科学技術論を専門とする大学教員・研究者である林真理の教育、研究、生活雑記。はてなダイアリーから移行してきました。

何年ぶりかでゴールデン街

 今月退職されるM先生の行きつけだという、新宿ゴールデン街の店に行くことになった。この界隈には、長いあいだ足を踏み入れていないような気がする。ひょっとするとインターネットサイトができてから行ったことがないくらいかも知れない。いずれにしても久しぶりだ。
 行き先は、あらかじめ電話をかけたら店を開けてくれるという「気まぐれ営業」のお店。我々4人が入ると店がだいたい一杯になる広さの小さな店だった。一応、窮屈なのを我慢して座れば7人入れるだけの椅子はあった。
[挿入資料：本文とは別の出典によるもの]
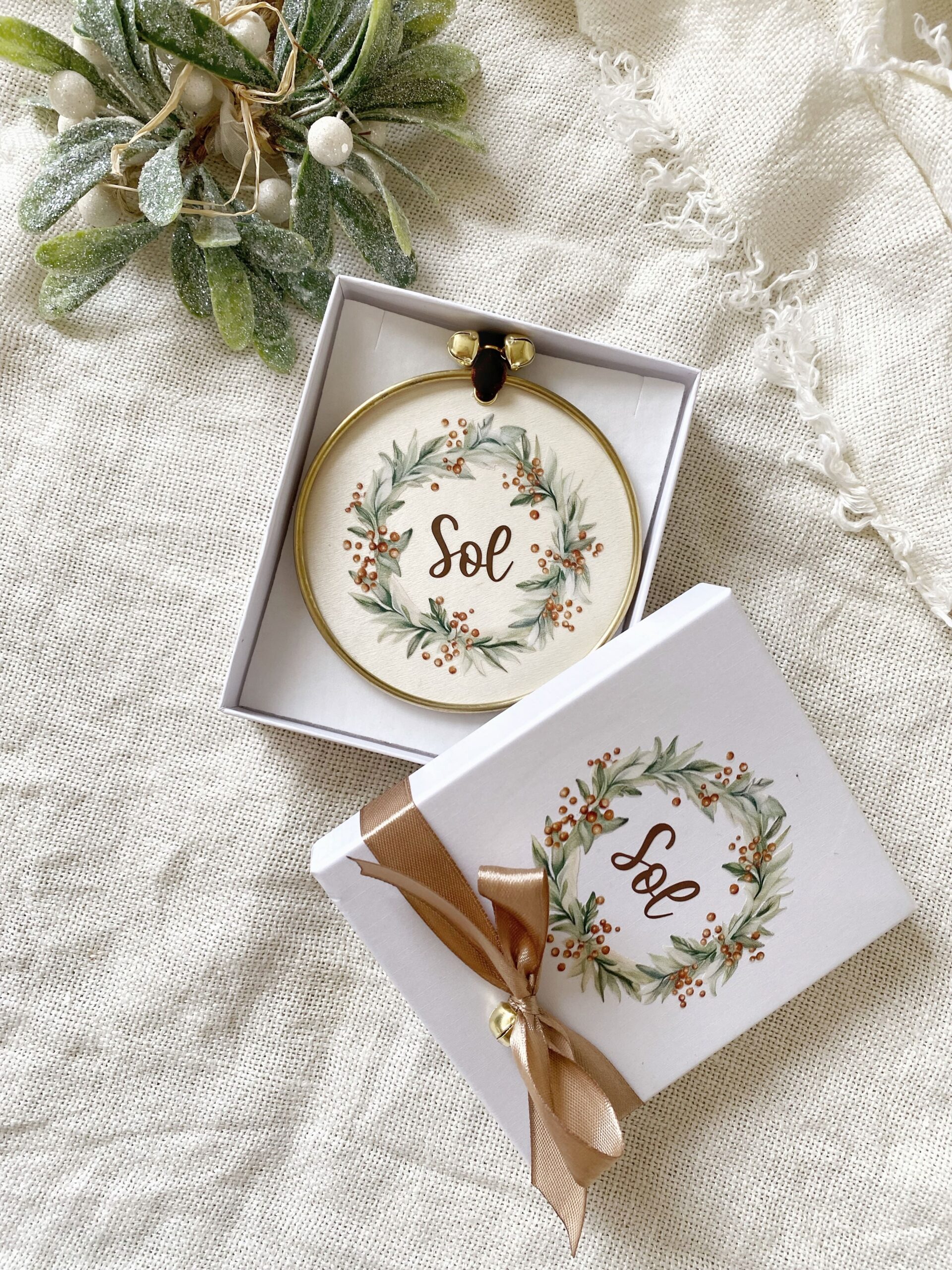 Decoración navideña artesanal mensaje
それ以上客が来た場合は、カウンターの中に入って、立って飲むことになっているという。
 店の主人は、無邪気な少女のように自分の好きなことばかりを話し続ける自称84歳の女性。カウンターの中で、客に合わせてビールを飲んでいる。私がノンアルコールのメニューを尋ねたら、「ウーロン茶ね!」と一刀両断され、目の前に2リットル入りのペットボトルを置かれた。飲み物はまったく冷えていなため、焼酎の他、ウーロン茶、それにビールもすべて氷入りである。ただし、氷はミネラルウォータを用いて冷凍庫で作ったというのが自慢で、女主人は、その氷を少しずつ割って客に配り続けた。
 食べ物の方は、すぐ近くの伊勢丹で買ってきたオレンジを切って並べたのが、唯一の「手作り」だった。おいしいでしょ、と2回同意を求められた。その他のつまみは、すべて隣の居酒屋からの取り寄せだった。といっても、メニューが置いてあるわけではないので、何が出てくるかわからない。
 サービス精神とは無縁で、主人本意のこだわりが押しつけられるこの店だが、何年も続いているという。きっと、主人の話し相手になり、時には店を手伝う一定数の固定客が存在するに違いない。そこは、主人の魅力がなせるわざなのだろう。通常の「飲食店」とはまったく違う力学で成り立っているこの空間に、自分もわずかな時間とはいえ存在し得たことがうれしかったので、そのことをここに書きとめておこうと思う。